Tomato Mozzarella Salad
|Buffalo/Low fat mozzarella||200 Gram (Paneer Can Be Used As A Substitute)|
|Pickled soft white onion slices||8|
|Italian herb dressing||1 Tablespoon|
|Basil leaves||1⁄2 Bunch (50 gm)|
|Extra virgin olive oil||2 Tablespoon|
|Seasoned tomato paste||1 Cup (16 tbs) (For Garnish)|
|Vinaigrette dressing||1 Tablespoon|
|Dijon mustard||1 Teaspoon|
|Red wine vinegar||2 Tablespoon|
|Olive oil||1⁄2 Cup (8 tbs)|
Arrange the tomato slices cut in half and pickled onion in overlapping layers on a platter. Drizzle with olive oil. Combine the Mozzarella pieces with olive oil and Italian dressing.Arrange the Mozzarella on top of the tomato and onion slices. Arrange the Basil leaves.

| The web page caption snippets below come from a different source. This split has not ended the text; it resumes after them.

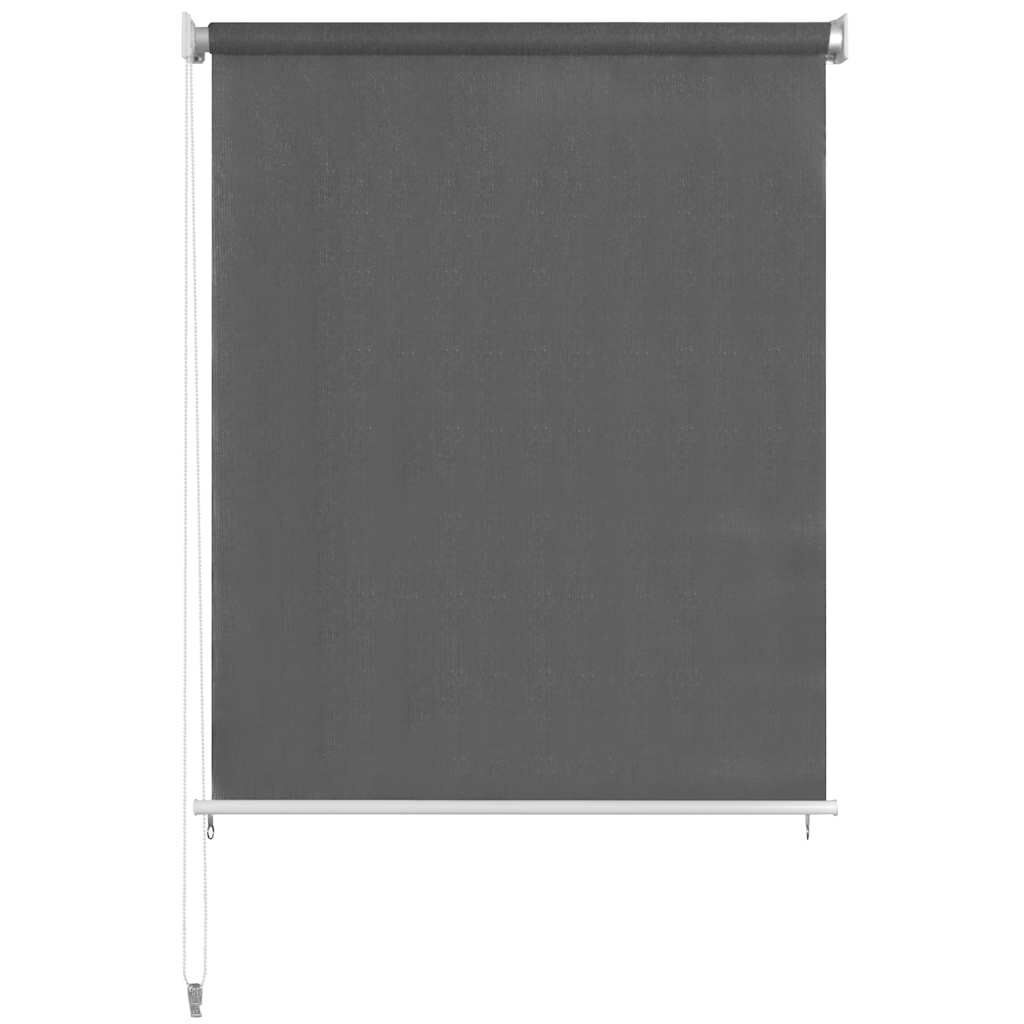 Vidaxl Außenrollo 245 x 140 cm, Anthrazit - UV-Schutz - bis zu 29% Rabatt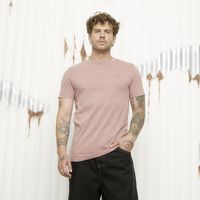 Polera Manga Corta Algodón Hombre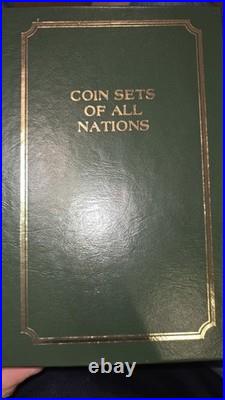 Franklin Mint Coin Sets of All Nations 1982 Vol 1 & 2 55 PCS
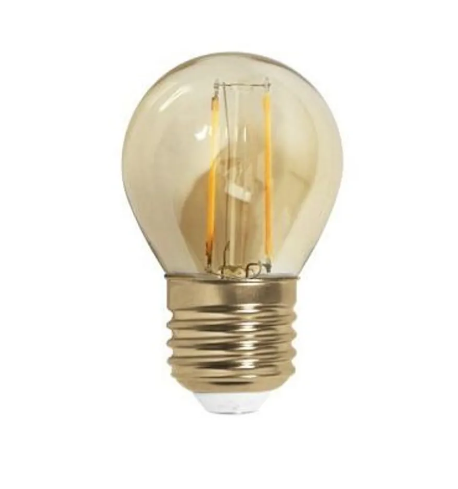 Lâmpada Filamento LED BG45 2700 K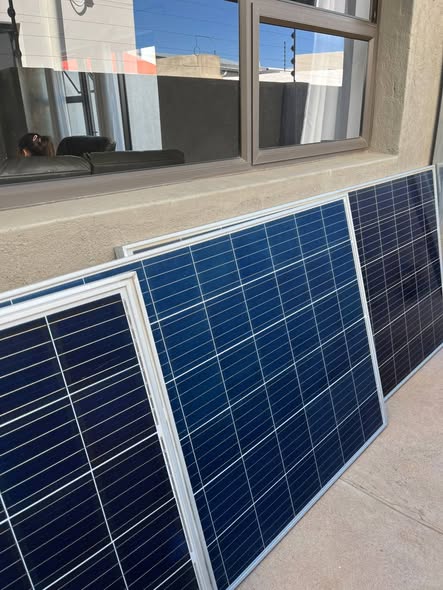 330 watts 4big solar panels photo 1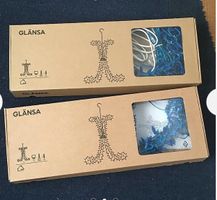 Kronleuchter / Deko Beleuchtung 2 Stück NEU
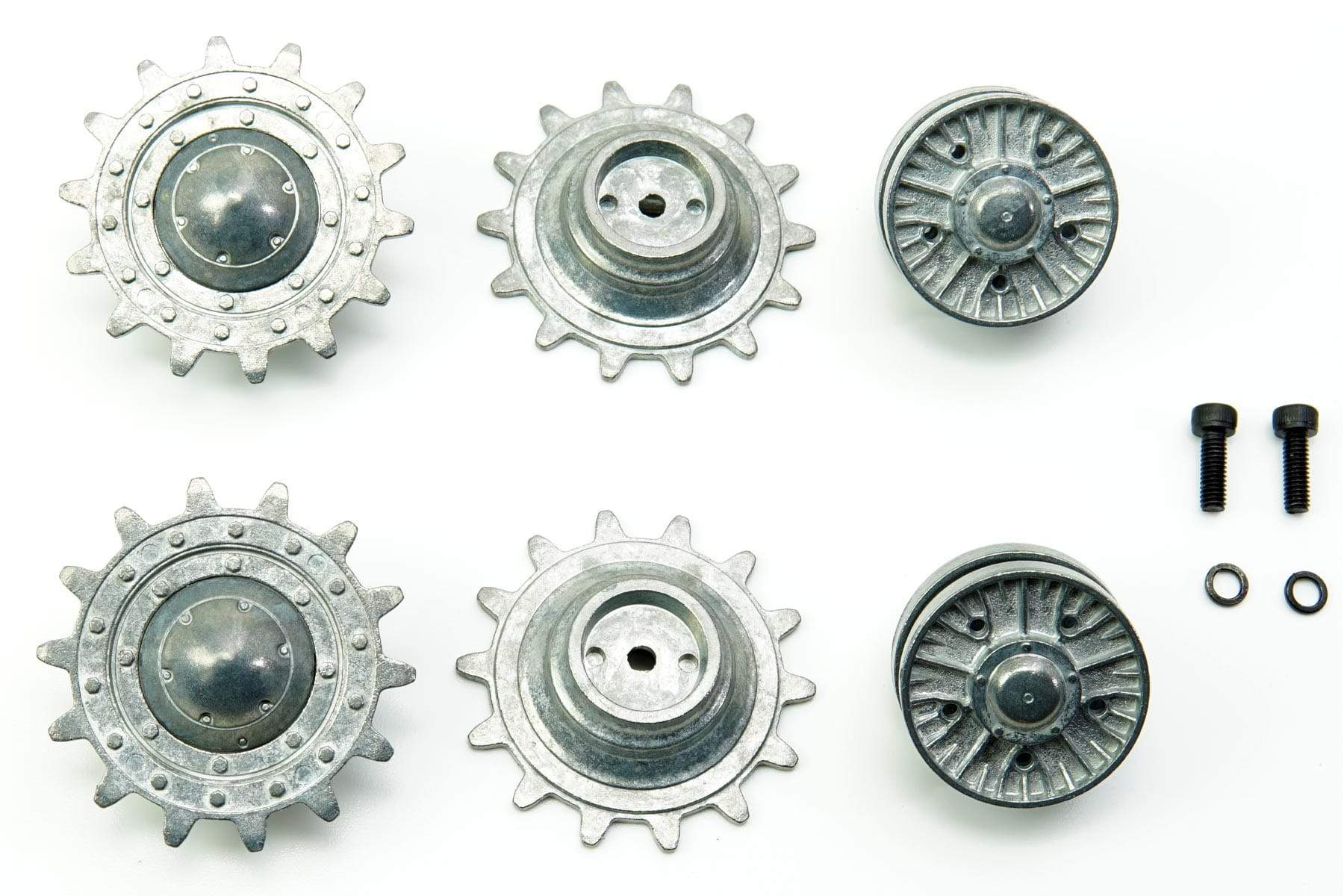 Torro 1/16 Scale Soviet IS-2 1944 Hobby Sprocket and Idler Wheel Set TOR1383928008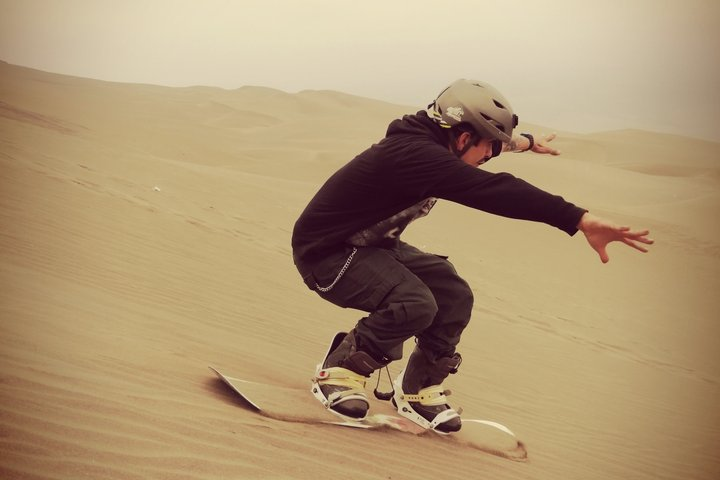Sandboarding Experiance in Lima - Photo 1 of 25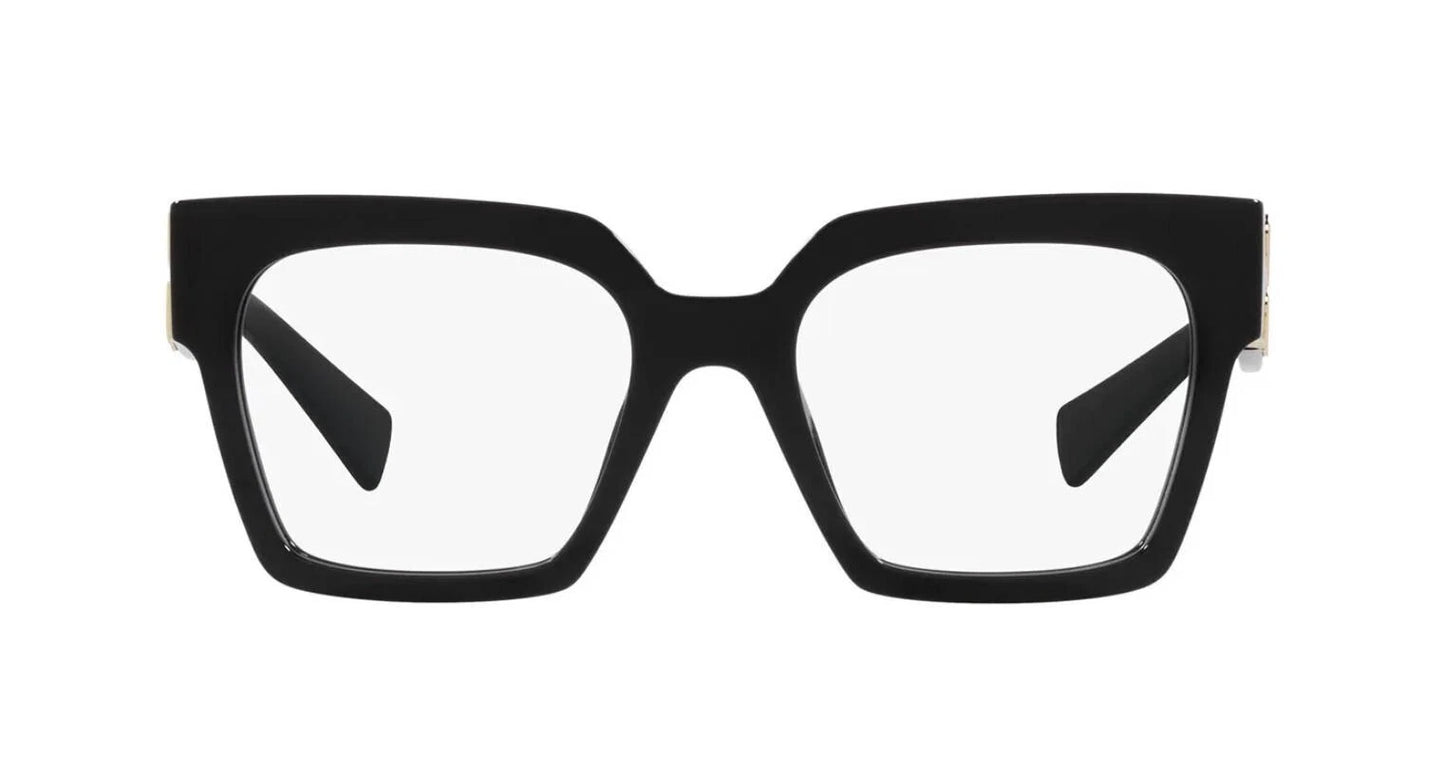 Miu Miu VMU 04UV Black (1AB-1O1) Eyeglasses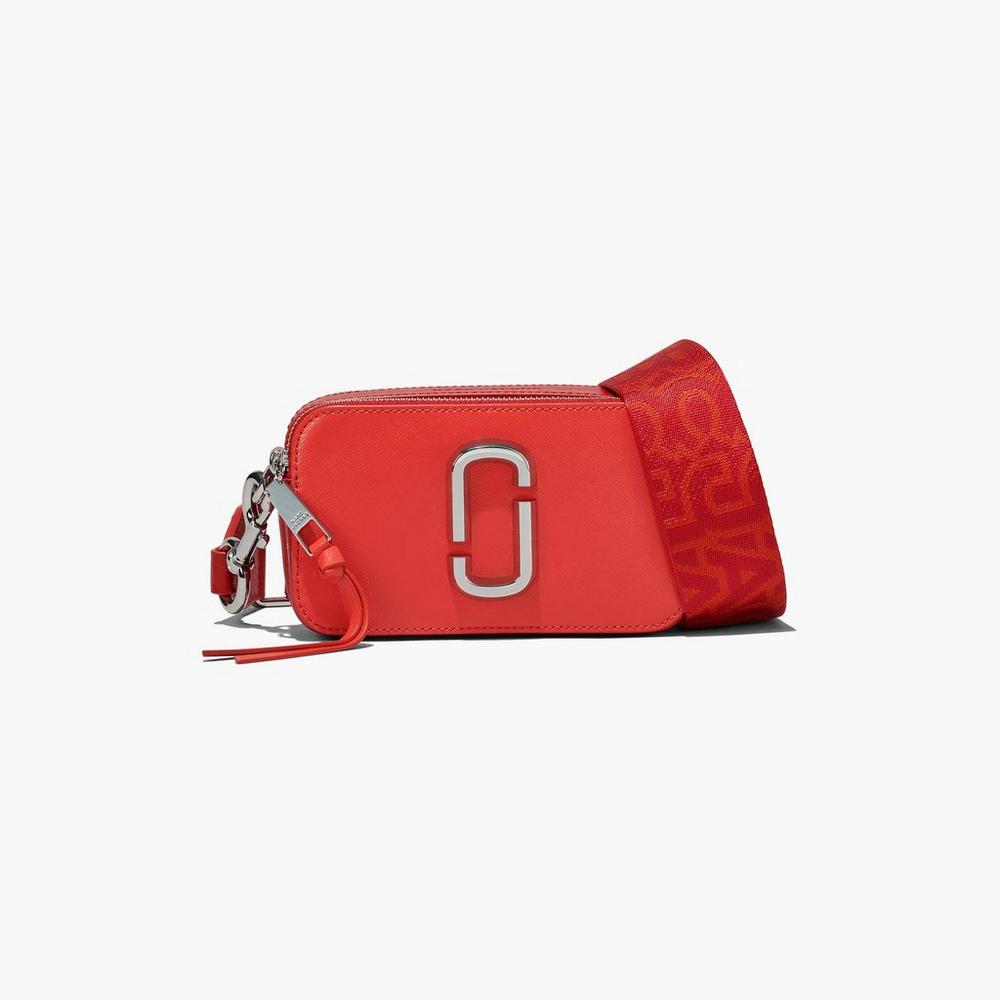 Bolsos Cruzados Marc Jacobs Bi-Color Mujer Naranjas Multicolor | 96578RPWO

Combine the Vinegrette dressing ingredients, mixing well. Drizzle the dressing over the salad and let marinate for 1 to 2 hours or serve at once. Right before serving drizzle vinaigrette over salad and top with a dollop of Italian herb flavoured tomato paste.
Vinaigrette: Whisk all ingredients except olive oil. When thoroughly mixed drizzle in olive oil. (Keep whisking.)